Max, now played by Tom Hardy, is a former policeman who travels the post-apocalyptic Wasteland in his supercharged Interceptor, haunted by the memories of the people he failed to protect. While in the Wasteland, Max and his car are captured by the War Boys, followers of the menacing leader known as Immortan Joe (Hugh “Toecutter” Keays-Byrne).
Joe seems to have complete control over his people, but not all is well – his prized “guzzoline” tanker has been hijacked by Imperator Furiosa (Charlize Theron) during a routine supply run, along with his Wives. Frustrated, he sets off in pursuit of Furiosa with a convoy that includes his War Boys, the People Eater (John Howard – no, not the former Prime Minister) and the Bullet Farmer (Richard Carter).
Also along for the chase is Max, who is acting as a “blood bag” for Nux (Nicholas Hoult), Max’s beloved Interceptor (now heavily modified), some dirt-bikers, a cult which drives cars covered in spikes, a rather odd assortment of muscle cars and a red-robed musician playing a guitar which doubles as a flamethrower. Why such a character is necessary in a feature film is irrelevant when one sees how awesome it looks.

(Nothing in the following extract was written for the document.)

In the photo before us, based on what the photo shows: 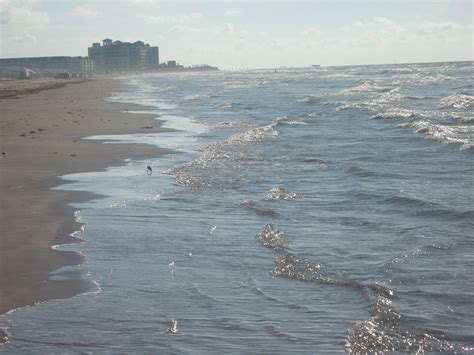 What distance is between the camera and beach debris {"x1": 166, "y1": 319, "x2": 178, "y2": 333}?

The most remarkable aspect about Mad Max: Fury Road is that it exists in the first place. The movie spent 25 years in “development hell” (a term used to describe a project which can’t make production), had to move filming to Namibia due to unprecedented flooding in the Australian outback and then needed to return to Australia for extensive reshoots. Any sane director would have given up in despair, but against all odds George Miller has seen his freaky, awe-inspiring vision come to life.
There’s an insanity to this film that make it endearing, found in everything from the chase sequences to the costumes. Yet beneath the eccentric characters, steampunk motorcades and rather impressive special effects is a pretty straightforward film. The characters aren’t all that complex, there’s very little dialogue and the story is, for the most part, told through visual cues – elements which are rarely, if ever, featured in today’s blockbuster movies.
Granted, these are elements which the Mad Max films have used before. Aside from the special effects and largely-female cast, there’s little to differentiate Fury Road from the movies which came before it – those wanting a well-developed story would be just as happy watching 1979’s Mad Max. But a statement like that undersells how breathtaking the experience is.
Admittedly, I wasn’t overly impressed upon first seeing Fury Road in cinemas, but after my heightened expectations were lowered, I purchased the film on DVD and gave it a second viewing. Suddenly, it became all the more enjoyable. I was left stunned by the practical effects, thrilled by the sandstorm scene, and entertained by everything else on offer. Even Tom Hardy’s hilariously bad Australian accent became loveable.
Now that all the hype has subsided, there’s never been a better time to revisit the awesomeness that is Mad Max: Fury Road. Whether you’re familiar with the Mad Max franchise or not, it’s definitely worth checking out.
This film was previously reviewed for YO Bendigo on May 26th, 2015.